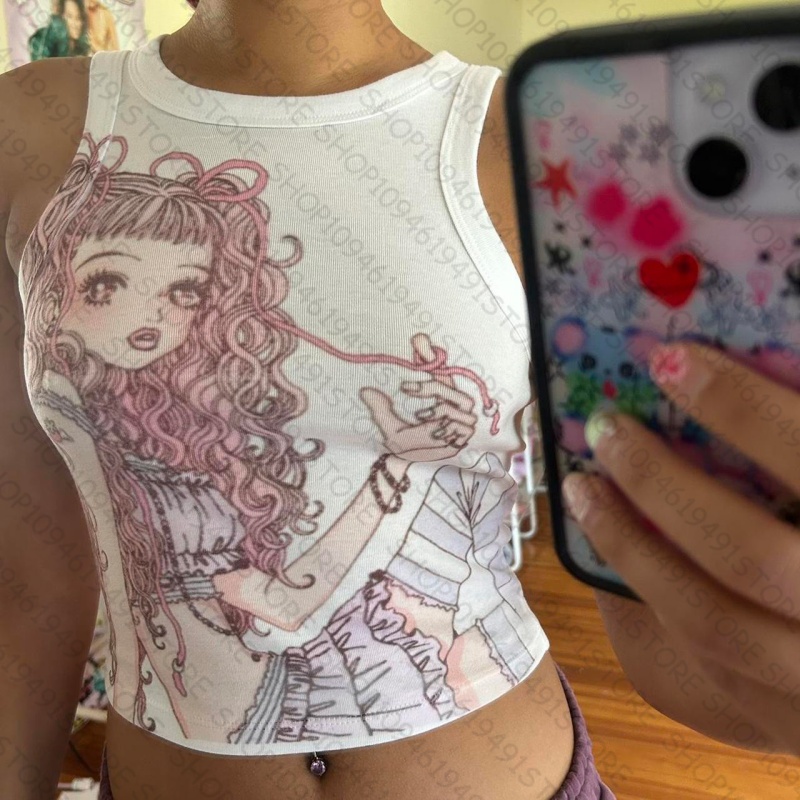 top mujer Tanks & Camis Tops P - Baby Clothing For Sale review and price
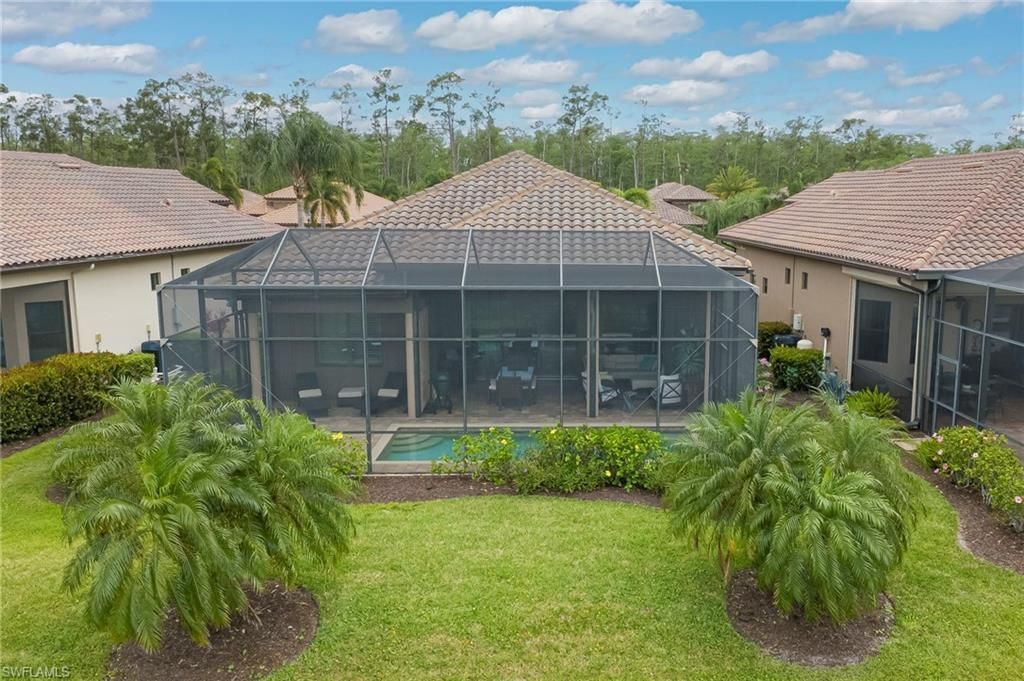 8319 Adelio Ln, Fort Myers, FL 33912 Photo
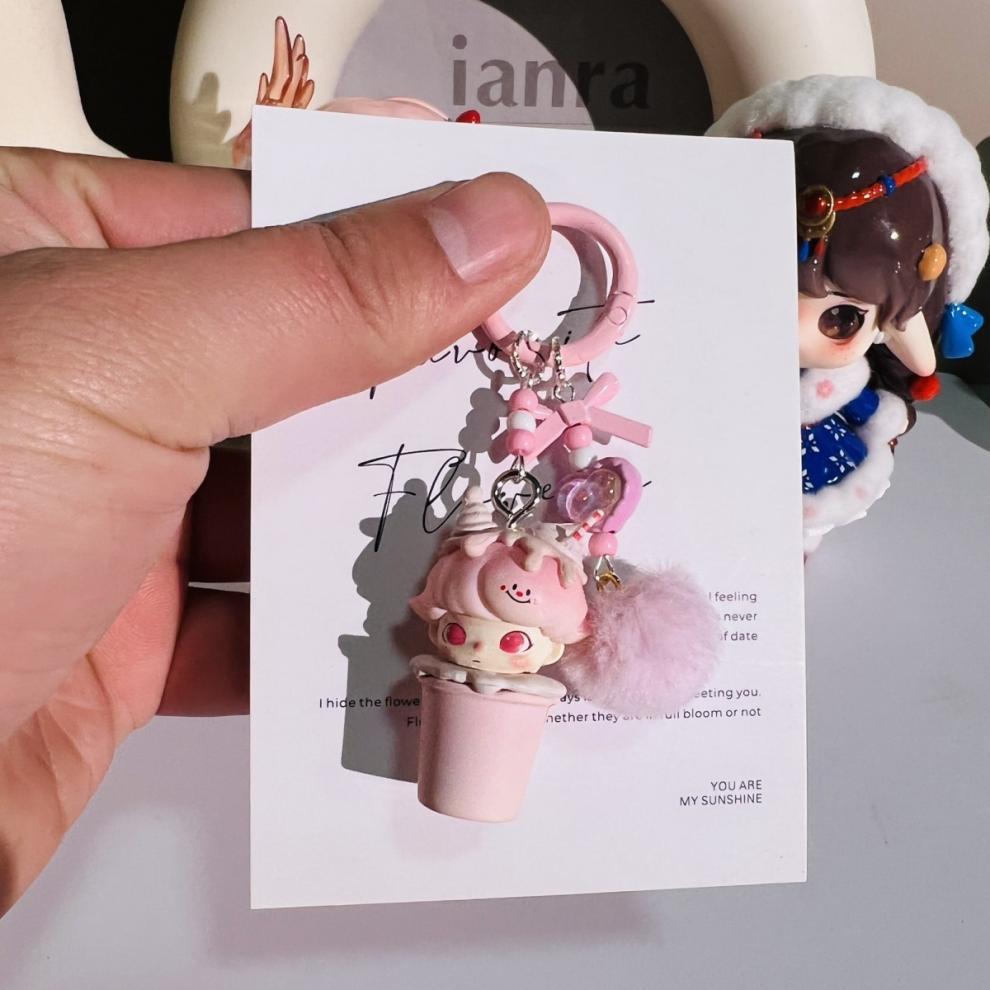 717734a7-833b-4de5-86e0-a760d51c1c91.jpe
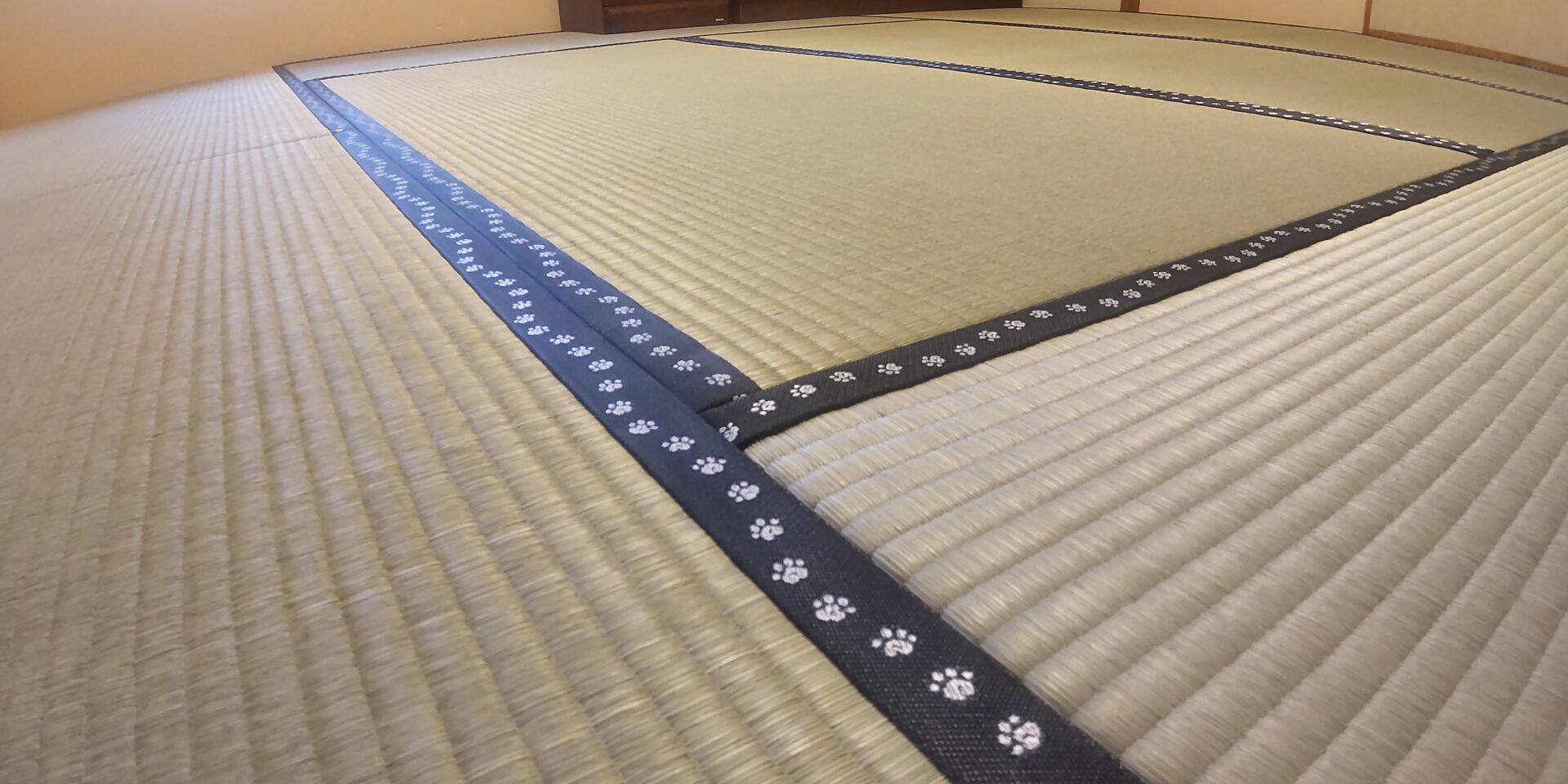 2022年10月11日/戸塚区・U邸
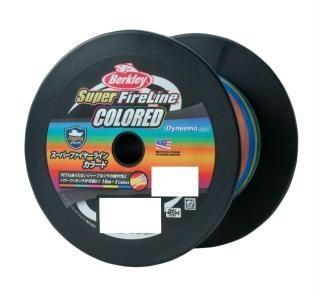 С쥤 ѡե䡼饤 顼 1200m (2 30lb) / PE饤 (̵) (OT) Ź̲ʡ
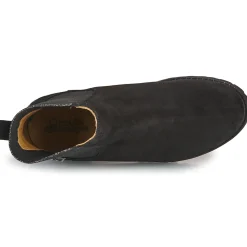 Citrouille et Compagnie - OTCHOUM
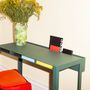 Dining Tables - Index Table - NOMESS COPENHAGEN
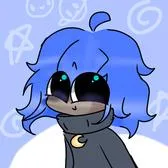 creator Neptuno :D's avatar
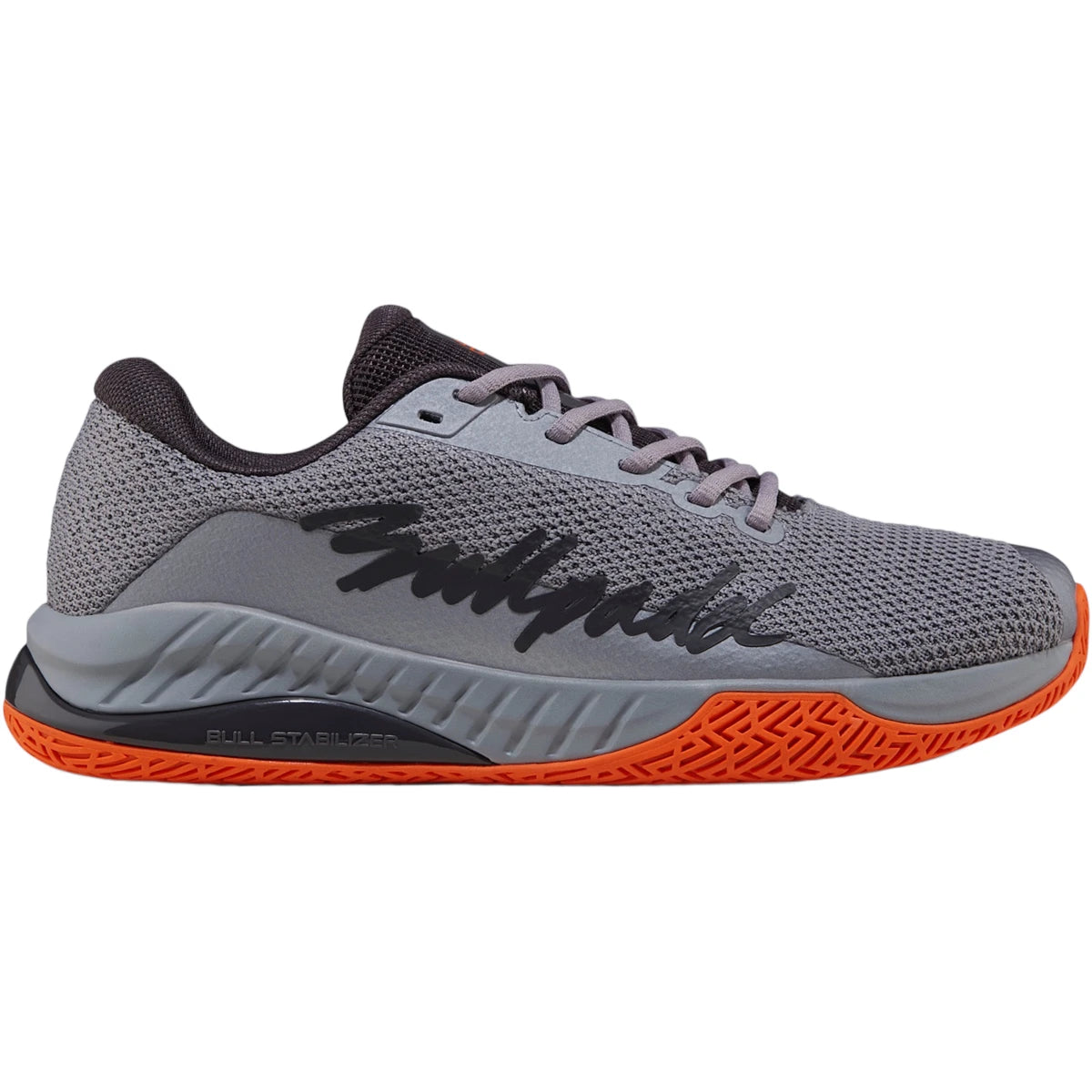 Scarpe Bullpadel Ionic 26I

**THE TASK**
Your copy should run from the line that has "Dining Tables - Index" through the last line above, exactly, with both ends in and pictures out.

**ANSWER AREA**
 Dining Tables - Index Table - NOMESS COPENHAGEN
 creator Neptuno :D's avatar
 Scarpe Bullpadel Ionic 26I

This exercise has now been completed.